A few weekends ago, I played dodgeball for the first time in ten years. You know the game - where you get to throw rubber balls at high velocity towards unsuspecting faces - that is being phased out of elementary schools because of its violence. My Saturday morning was filled with a bunch of (mostly) twenty-something-year-old guys maintaining no-holds-barred chaos, and it reminded me of all the great elementary recesses on the playground spent hurling little green balls at friends and enemies alike. It was a time when accurate aim was as important as academic success. But as I was running around in my headband, tank-top and short shorts, frantically ducking, dodging, and counterattacking, now with fifteen more years of life experience, I was reflecting on how playground dodgeball taught me life lessons that I still rely on.

C.S. Lewis penned a great essay called “The Necessity of Chivalry”, in which he said that a knight was a man who was both “fierce to the nth” and “meek to the nth.” A good knight knew his manners while banqueting with the royal ladies, and yet could cooly dual-wield battle axes in the gate of his castle as the invaders approached, ready to cleave barbarian limb from torso. A properly chivalrous man - that is, a true knight - needed both fierceness and meekness. More than that, he needed to be able to embody the extremes of both at the appropriate times instead of straddle some Aristotelian Golden Mean (wiki); acting macho 24/7 makes one perpetually brutish, while erring the other way produces effete doormats. 

What does this have to do with dodgeball? 

Playground and PE dodgeball was invariably co-ed, and one of the qualities that a good game of dodgeball teaches young boys is the tact to treat others respectfully, according to their ability. Some unwritten rules kept everyone in line: 
  • Don’t throw hard at girls. 
  • Throw the softer balls at the girls if you have a choice. 
  • Girls who (hopefully accidentally) get hit in the head, stay in. 
  • If a girl throws a ball at you, work to dodge rather than catch it, because catching it will get her out. 
  • If you have two balls, give one to the girl next to you so she can defend herself. 
  • If some chump opposite dares to hide behind the girls on his side, it’s your whole team against him.

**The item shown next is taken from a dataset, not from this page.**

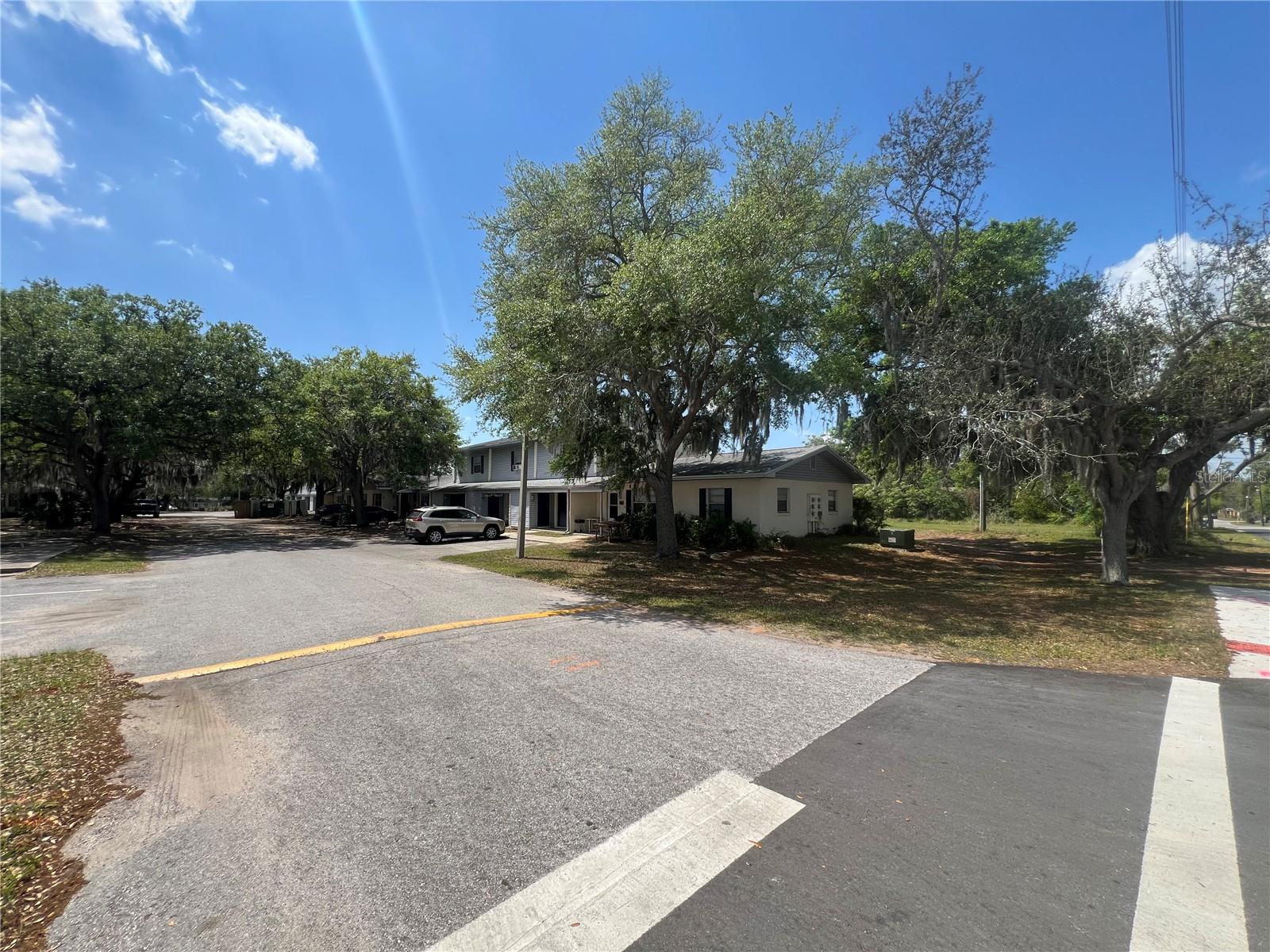 1000 E CAROLINE STREET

It was honorable for us boys to play like this, and the girls seemed to appreciate our efforts to include them while keeping them safe. Along with this code of meekness  - the “rules of the banquet hall” - was the code of the battlefield. Dodgeball is like war, after all, and it’s a great game for boys because it respects different skill levels. Is it fair to call it a playground equalizer? Being able to throw a ball hard was one thing; being accurate was another. Both of those skills were on par with being able to catch anything that came to close to you. Having a cannon of an arm wasn’t everything; if you could take a rocket to the chest and hold onto it, you were a god for the rest of the afternoon. 

(Another one from the Commons)

Size differences were equalized, too. Bigger boys might be forced to try to catch balls that the smaller and/or more flexible ones could dodge, and a team needed those different members, like how it says in the Bible, “the body does not consist of one member but of many...The eye cannot say to the hand, ‘I have no need of you,’ nor again the head to the feet, ‘I have no need of you.’” Every knight needs a squire or two!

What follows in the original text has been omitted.